More on SAFRA, the student loan reform package that may get passed alongside health care.

* Here’s Chris Hayes and Rachel Maddow on the campaign to convince people, contrary to the facts, that everyone killed the public option.

* More from Chris Hayes, whose “The Breakdown” podcast is now a weekly listen, in Time: In the past decade, nearly every pillar institution in American society — whether it’s General Motors, Congress, Wall Street, Major League Baseball, the Catholic Church or the mainstream media — has revealed itself to be corrupt, incompetent or both. And at the root of these failures are the people who run these institutions, the bright and industrious minds who occupy the commanding heights of our meritocratic order. In exchange for their power, status and remuneration, they are supposed to make sure everything operates smoothly.
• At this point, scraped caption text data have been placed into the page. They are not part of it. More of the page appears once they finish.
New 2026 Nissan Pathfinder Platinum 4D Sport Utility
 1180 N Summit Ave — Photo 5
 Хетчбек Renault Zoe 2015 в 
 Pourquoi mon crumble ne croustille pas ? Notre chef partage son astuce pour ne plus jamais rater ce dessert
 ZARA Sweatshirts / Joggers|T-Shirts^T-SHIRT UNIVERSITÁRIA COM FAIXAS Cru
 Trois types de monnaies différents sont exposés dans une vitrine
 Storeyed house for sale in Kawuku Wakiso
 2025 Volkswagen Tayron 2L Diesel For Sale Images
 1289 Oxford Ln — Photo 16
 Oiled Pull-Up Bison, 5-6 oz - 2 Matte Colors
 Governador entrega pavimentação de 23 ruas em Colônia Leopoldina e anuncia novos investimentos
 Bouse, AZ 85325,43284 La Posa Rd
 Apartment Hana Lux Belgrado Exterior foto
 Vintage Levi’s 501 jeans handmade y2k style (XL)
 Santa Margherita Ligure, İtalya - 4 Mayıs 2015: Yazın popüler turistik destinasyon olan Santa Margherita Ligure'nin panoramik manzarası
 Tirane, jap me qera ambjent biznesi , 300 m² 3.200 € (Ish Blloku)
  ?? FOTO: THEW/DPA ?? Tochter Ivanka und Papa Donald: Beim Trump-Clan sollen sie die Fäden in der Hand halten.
But after a cascade of scandals and catastrophes, that implicit social contract lies in ruins, replaced by mass skepticism, contempt and disillusionment…

* Howell Raines: One question has tugged at my professional conscience throughout the year-long congressional debate over health-care reform, and it has nothing to do with the public option, portability or medical malpractice. It is this: Why haven’t America’s old-school news organizations blown the whistle on Roger Ailes, chief of Fox News, for using the network to conduct a propaganda campaign against the Obama administration—a campaign without precedent in our modern political history? More on this at Crooks & Liars.

* And “a debacle for public education”: Steve Benen has your full report on history education, Texas-style.

* McCarthyism: History lessons must tell students that Joe McCarthy’s suspicions were later “confirmed.”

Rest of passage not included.